The gist: New research shows that drugs used to treat osteoporosis might help prevent or treat certain types of lung, breast, and colorectal cancer. These drugs, called bisphosophonates, might work against tumors that have abnormalities in the HER gene.
“Researchers have discovered that bisphosphonates inactivate human epidermal growth factor (EGF) receptors to exert antitumor effects, and they say the widely prescribed osteoporosis drugs may prove to be a cheap and useful adjuvant to current therapies for HER-driven cancers.
“Bisphosphonates directly bind to and inhibit HER kinases, including commonly mutated forms that drive non-small-cell lung cancer and other cancer growth and resistance to tyrosine kinase inhibitors, according to two studies published online this week in the journal PNAS Early Edition, by researcher Mone Zaidi, MD, of Mount Sinai School of Medicine, in New York City, and colleagues.
“If the findings are confirmed, bisphosphonates could potentially be repurposed for the prevention and adjuvant treatment of breast, lung, and colorectal cancers that are driven by HER (human EGF receptor), the researchers wrote.
” ‘There is quite a lot of anecdotal literature as well as a few clinical epidemiologic studies suggesting that women who take bisphosphonates (for osteoporosis) have a lower risk for breast and colorectal cancer,’ Zaidi told MedPage Today.
“He added that several studies of cancer patients treated with intravenous bisphosphonates for bone metastasis suggest the drugs have positive effects on tumor cell burden.”
“Many men on hormone therapy for prostate cancer aren’t getting bone-strengthening drugs they may need, new Canadian research contends.
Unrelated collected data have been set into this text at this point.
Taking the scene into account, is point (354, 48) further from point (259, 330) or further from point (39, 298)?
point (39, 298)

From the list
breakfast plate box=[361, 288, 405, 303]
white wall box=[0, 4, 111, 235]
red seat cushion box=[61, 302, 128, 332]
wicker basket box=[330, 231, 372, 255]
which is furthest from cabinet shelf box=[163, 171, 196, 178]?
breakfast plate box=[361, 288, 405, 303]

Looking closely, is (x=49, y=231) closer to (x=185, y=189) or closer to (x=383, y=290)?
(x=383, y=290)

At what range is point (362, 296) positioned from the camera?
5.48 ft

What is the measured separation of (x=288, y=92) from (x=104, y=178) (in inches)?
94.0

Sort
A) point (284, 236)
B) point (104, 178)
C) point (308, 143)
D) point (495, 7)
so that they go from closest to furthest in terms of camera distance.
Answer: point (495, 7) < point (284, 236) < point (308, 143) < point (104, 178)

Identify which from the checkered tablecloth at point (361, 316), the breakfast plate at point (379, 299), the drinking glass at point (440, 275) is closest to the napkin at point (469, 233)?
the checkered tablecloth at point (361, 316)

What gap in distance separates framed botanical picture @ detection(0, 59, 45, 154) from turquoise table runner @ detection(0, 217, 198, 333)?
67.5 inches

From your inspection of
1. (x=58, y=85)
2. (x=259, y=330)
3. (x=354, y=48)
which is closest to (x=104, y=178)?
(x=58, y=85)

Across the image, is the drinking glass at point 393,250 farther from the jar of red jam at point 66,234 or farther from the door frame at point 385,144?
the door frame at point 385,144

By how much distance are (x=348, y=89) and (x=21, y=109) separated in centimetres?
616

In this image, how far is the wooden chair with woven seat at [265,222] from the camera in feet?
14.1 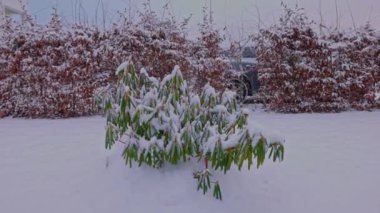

“Hormone therapy, which suppresses male hormones called androgens, helps stop cancer cells from growing. But one consequence of the treatment is weakening of the bones, which can lead to fractures. To reduce this risk, men can be given oral bisphosphonates, such as Fosamax, or an intravenous treatment once a month or once a year with similar drugs, such as Reclast.
” ‘There seems to be a clear mismatch between Canadian guidelines regarding bisphosphonate usage in men undergoing hormone therapy for prostate cancer and actual clinical practice,’ said lead researcher Dr. Shabbir Alibhai, a senior scientist at the University Health Network in Toronto.
“While the low rates of bisphosphonate prescriptions may be appropriate for patients who are at low risk for fracture, most men with osteoporosis or other bone conditions should be taking a bisphosphonate, he said.”
The gist: The drug Xofigo (aka radium-223 dichloride) is often used to treat bone metastases in patients with castration-resistant prostate cancer. New research results show that it is safe and effective for these patients whether or not they have previously been treated with the chemotherapy drug docetaxel.
“Radium Ra 223 dichloride appeared safe and effective in patients with castration-resistant prostate cancer and symptomatic bone metastases regardless of whether they received prior docetaxel, according to a subgroup analysis from a randomized phase 3 trial.
“Results of the ALSYMPCA showed radium Ra 223 dichloride [radium-223 (Xofigo, Bayer)], a targeted alpha-emitter, extended OS compared with placebo in patients with castration-resistant prostate cancer and symptomatic bone metastases. The agent also appeared well tolerated.
“Researchers established prior docetaxel treatment as a trial stratification factor.
“In the prespecified subgroup analysis, researchers sought to assess the effect of prior docetaxel treatment on efficacy and safety outcomes.”